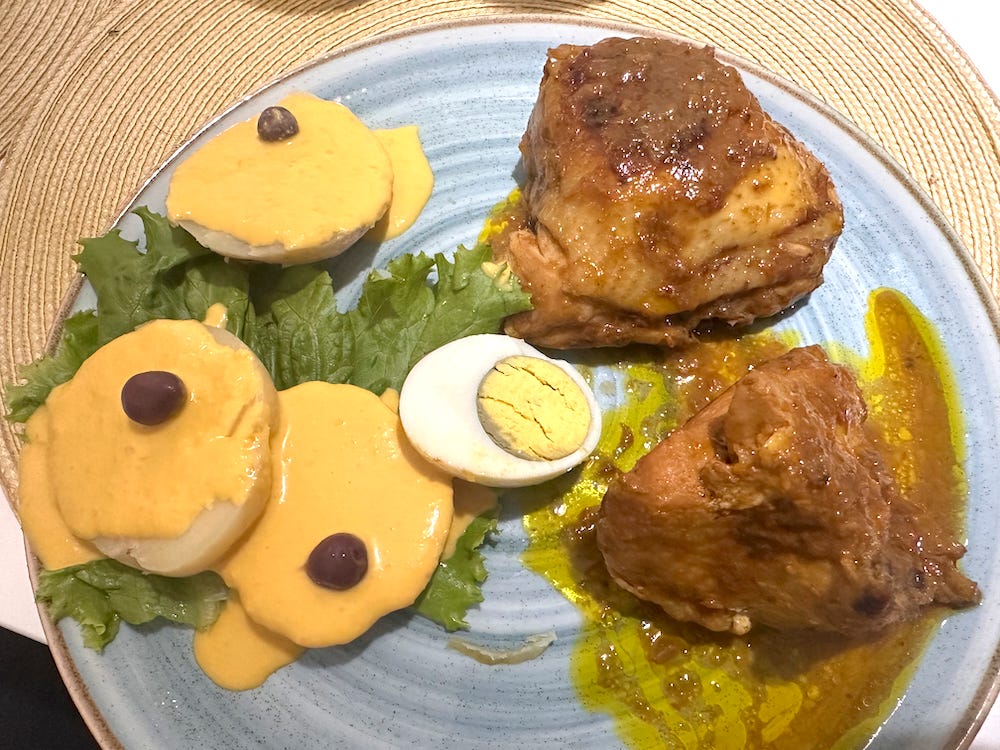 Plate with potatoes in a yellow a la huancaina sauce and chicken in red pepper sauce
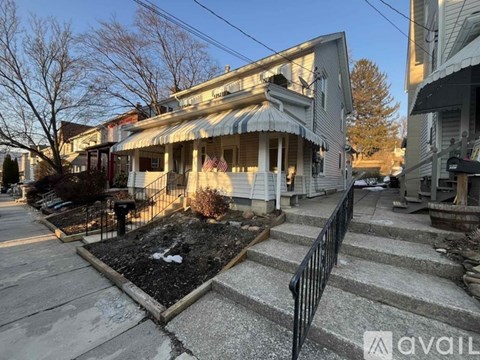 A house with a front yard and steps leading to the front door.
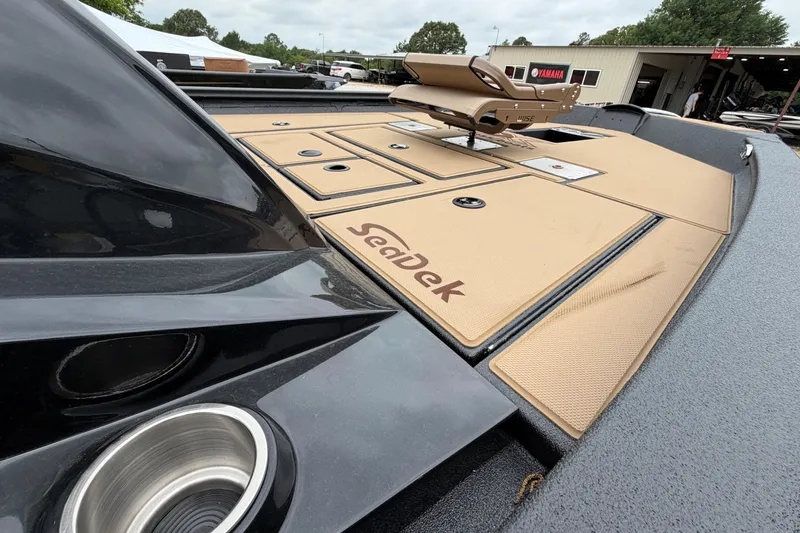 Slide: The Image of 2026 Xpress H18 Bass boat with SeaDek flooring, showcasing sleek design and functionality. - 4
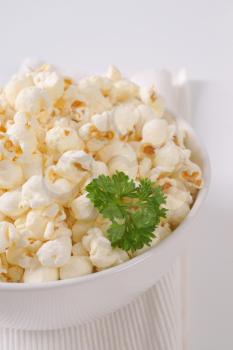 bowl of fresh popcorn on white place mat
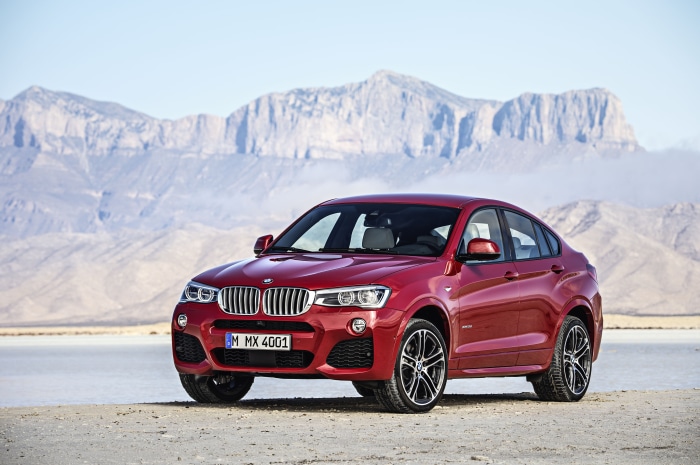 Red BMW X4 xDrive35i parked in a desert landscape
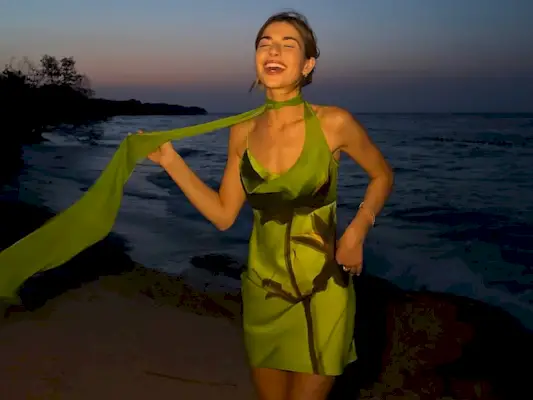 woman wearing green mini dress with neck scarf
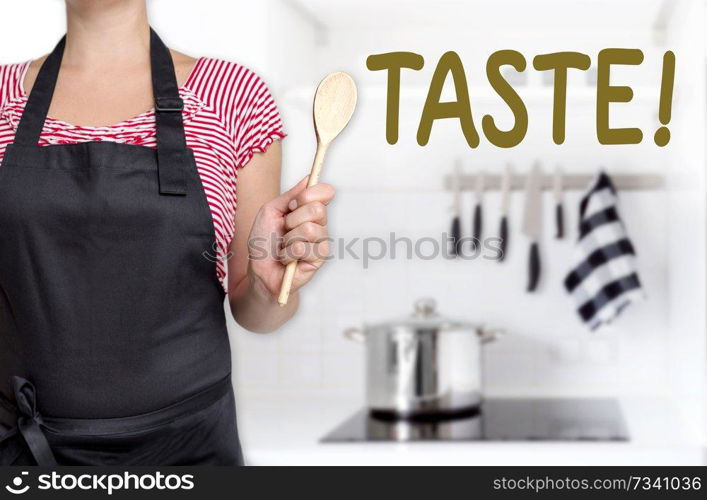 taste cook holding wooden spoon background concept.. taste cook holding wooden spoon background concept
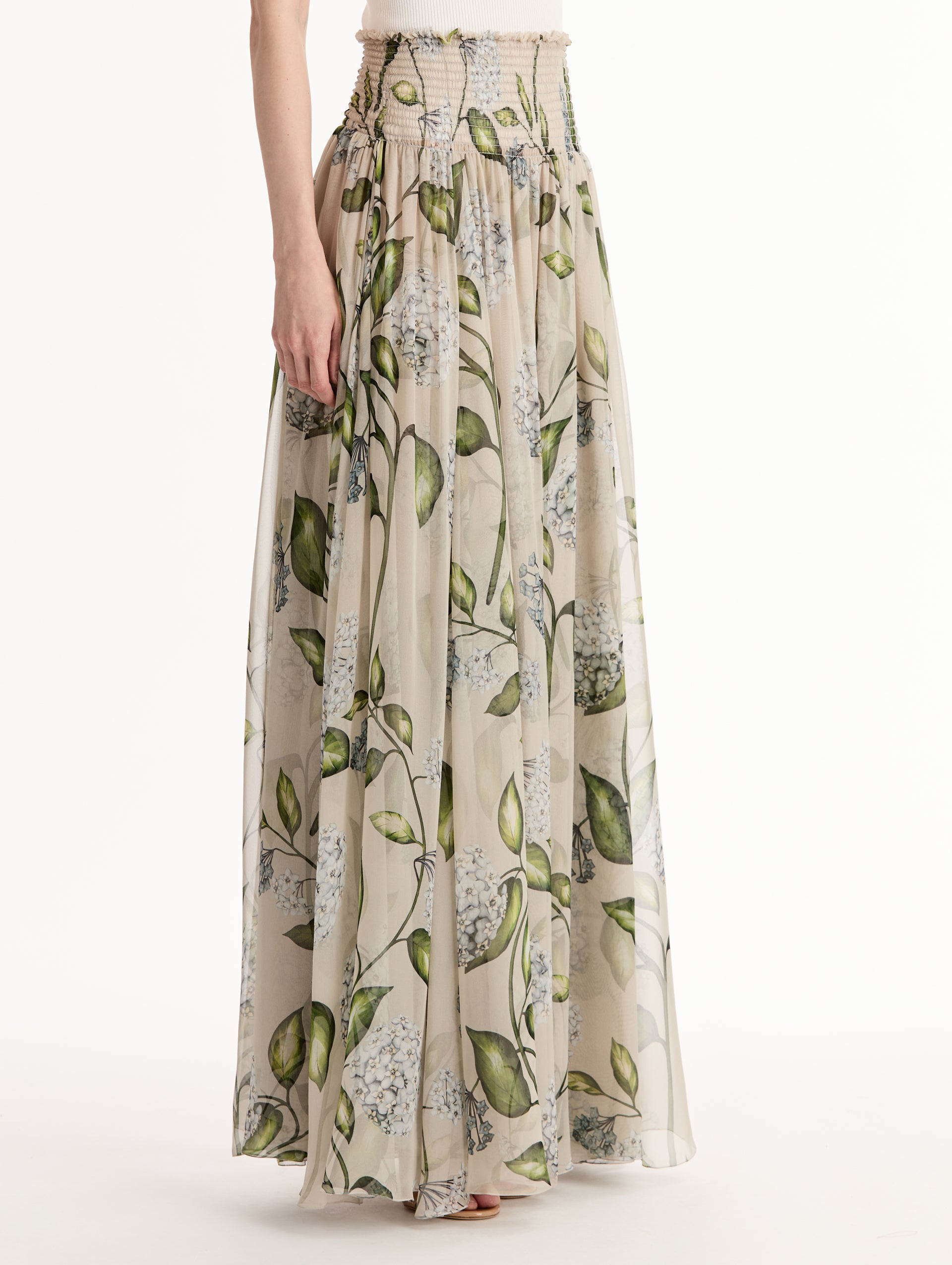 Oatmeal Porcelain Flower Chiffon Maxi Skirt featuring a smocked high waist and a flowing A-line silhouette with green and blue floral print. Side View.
--*--
Your answer must be the lines from the one containing "Red BMW X4 xDrive35i" through the last line of the records, both included, written out exactly and without pictures.

 Red BMW X4 xDrive35i parked in a desert landscape
 woman wearing green mini dress with neck scarf
 taste cook holding wooden spoon background concept.. taste cook holding wooden spoon background concept
 Oatmeal Porcelain Flower Chiffon Maxi Skirt featuring a smocked high waist and a flowing A-line silhouette with green and blue floral print. Side View.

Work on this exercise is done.